Information shown.

──────────

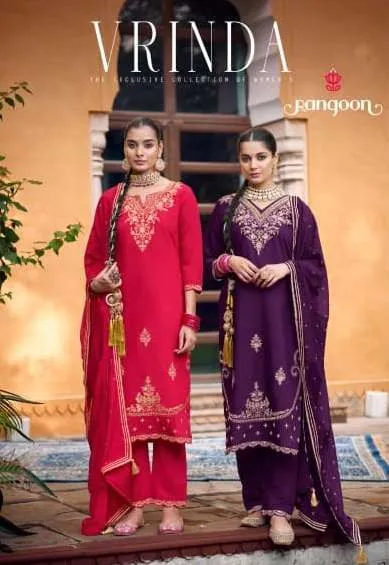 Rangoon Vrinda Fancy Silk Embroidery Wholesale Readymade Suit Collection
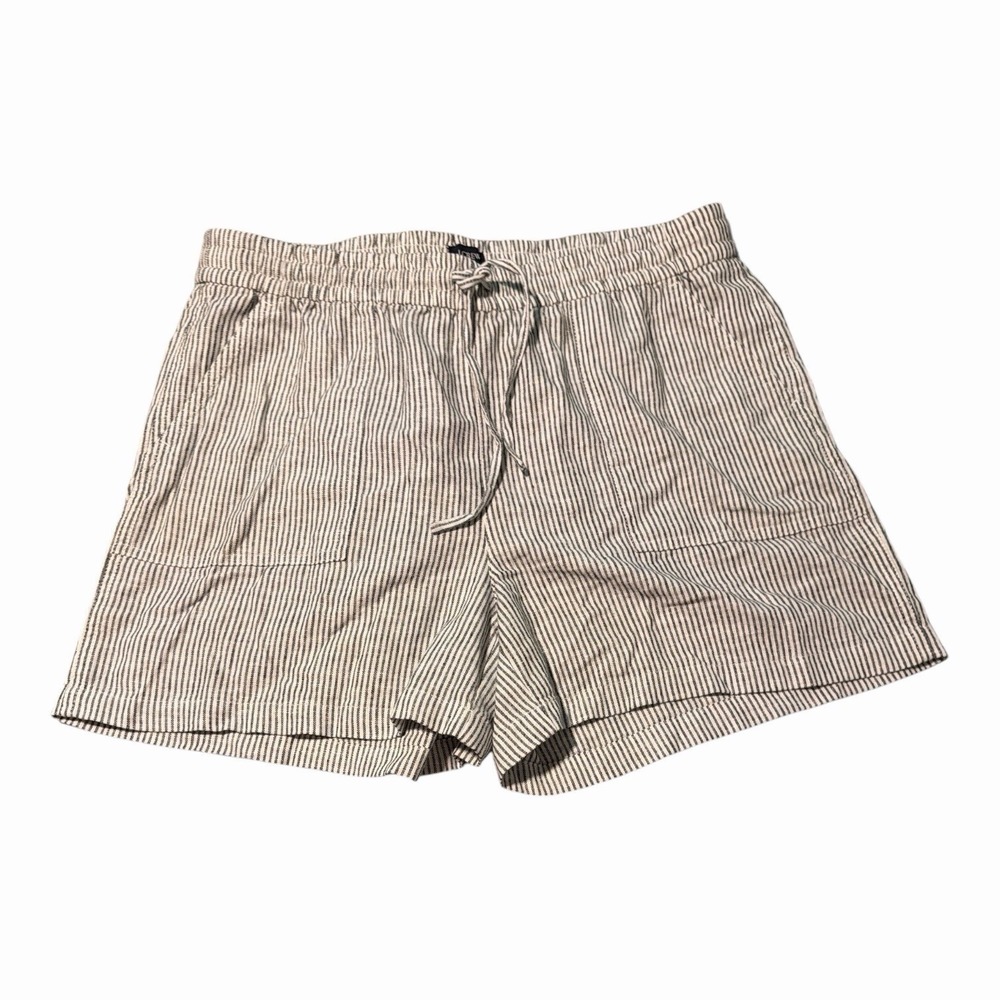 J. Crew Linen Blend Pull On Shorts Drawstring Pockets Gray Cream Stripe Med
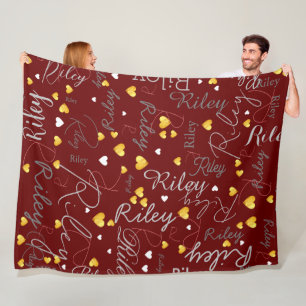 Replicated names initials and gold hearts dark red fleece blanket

──────────

Exercise details. What you return should be the full listing, unchanged, minus the pictures.

Result.
 Rangoon Vrinda Fancy Silk Embroidery Wholesale Readymade Suit Collection
 J. Crew Linen Blend Pull On Shorts Drawstring Pockets Gray Cream Stripe Med
 Replicated names initials and gold hearts dark red fleece blanket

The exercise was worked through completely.